--- Data under study ---
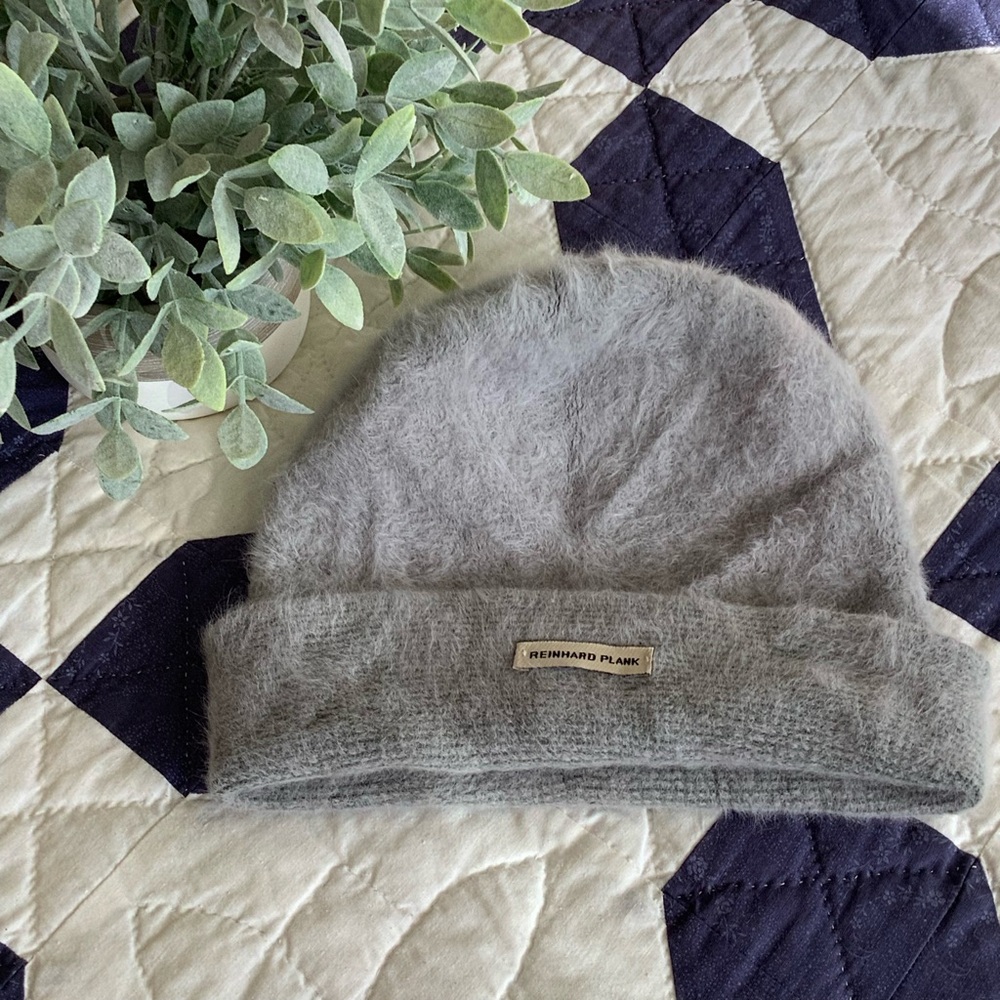 Reinhard Plank Cuffia Angora Beanie, Light Grey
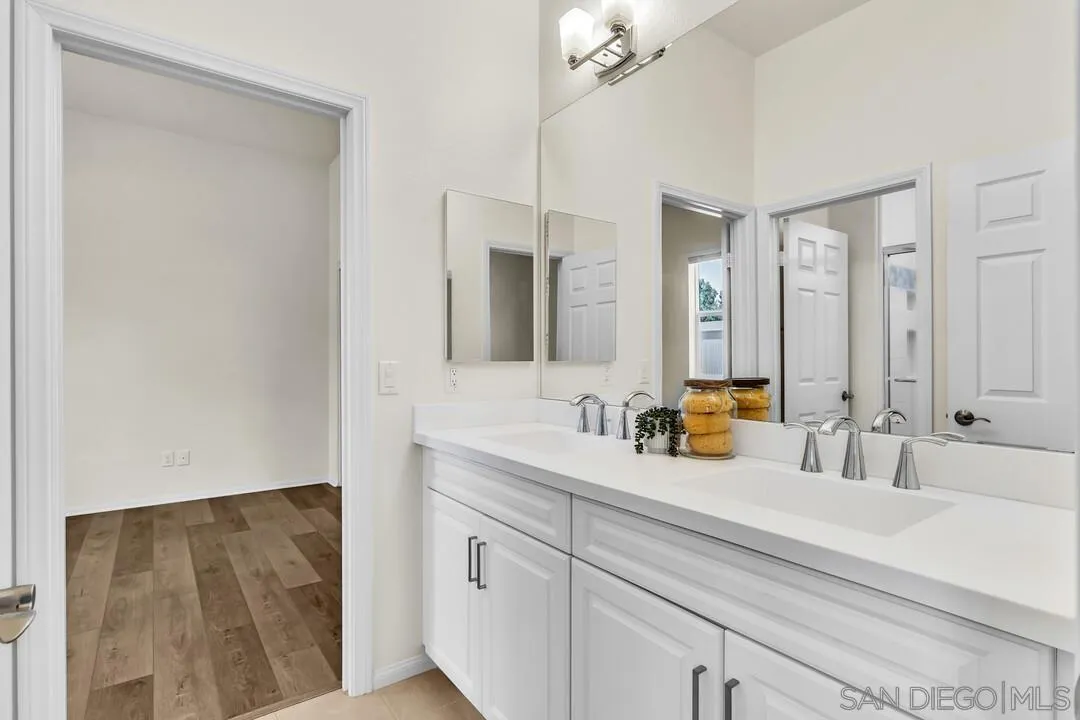 https://cdn.realtyfeed.com/cdn/127/260013994/5437eba1fee355f72265887b95fe7166.webp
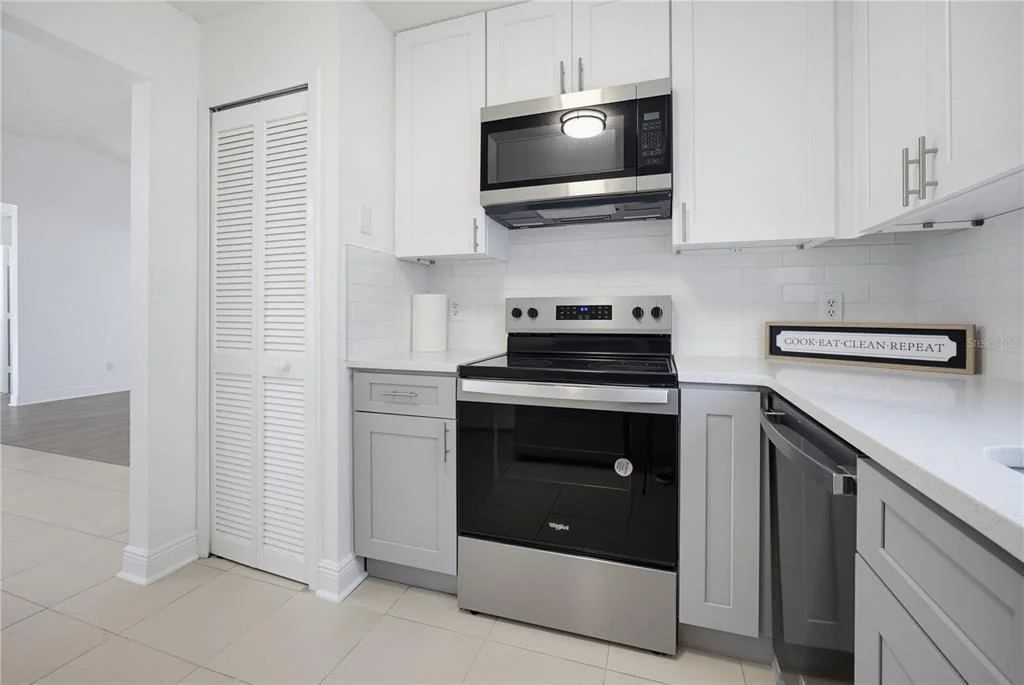 Photo of 1060 DEES DRIVE
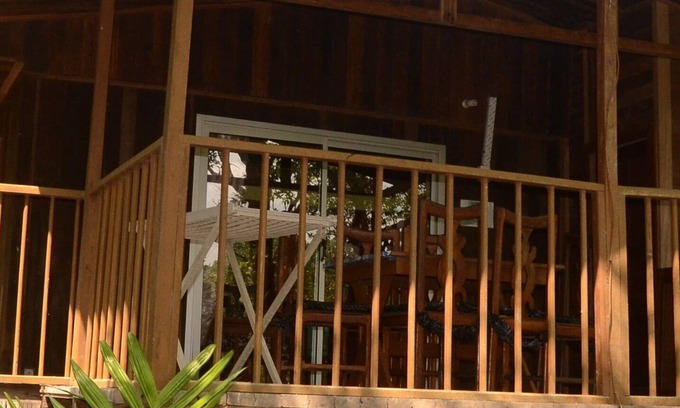 Kribi Chalet De Ski | Chalet 3 Chambres 6 adultes Acacia 50 M² coté forêt Accès Piscine Plage Wifi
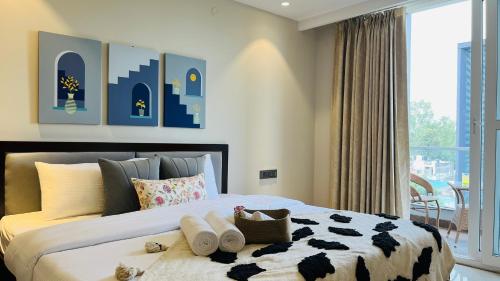 BluO 1BHK Suite Balcony Lift Gym Parking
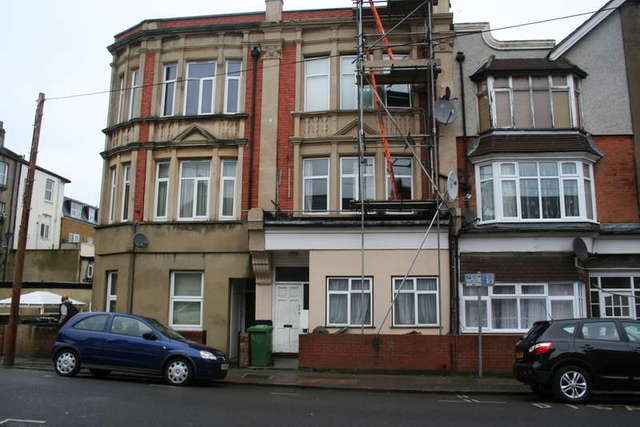  Image of 1 bedroom Ground Flat to rent in Grenfell Road Mitcham CR4 at Surrey  Mitcham, CR4 2BZ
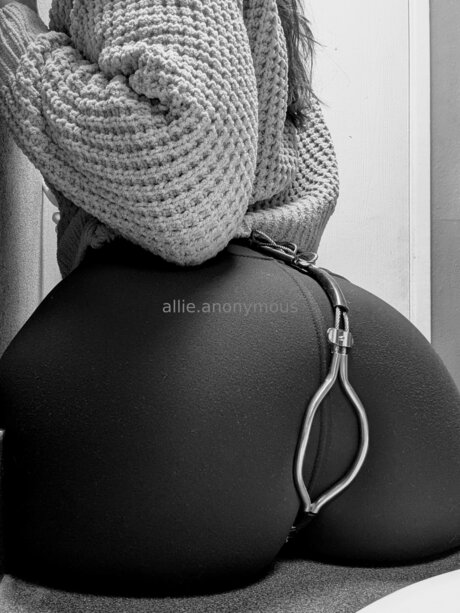 Allie Anonymous hd model images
---
### Problem to solve
Begin with the line that has "Image of 1 bedroom" and continue to the last line of the entries, printing each line exactly and nothing else; include both ends and skip the pictures.

### Solution for this exercise
  Image of 1 bedroom Ground Flat to rent in Grenfell Road Mitcham CR4 at Surrey  Mitcham, CR4 2BZ
 Allie Anonymous hd model images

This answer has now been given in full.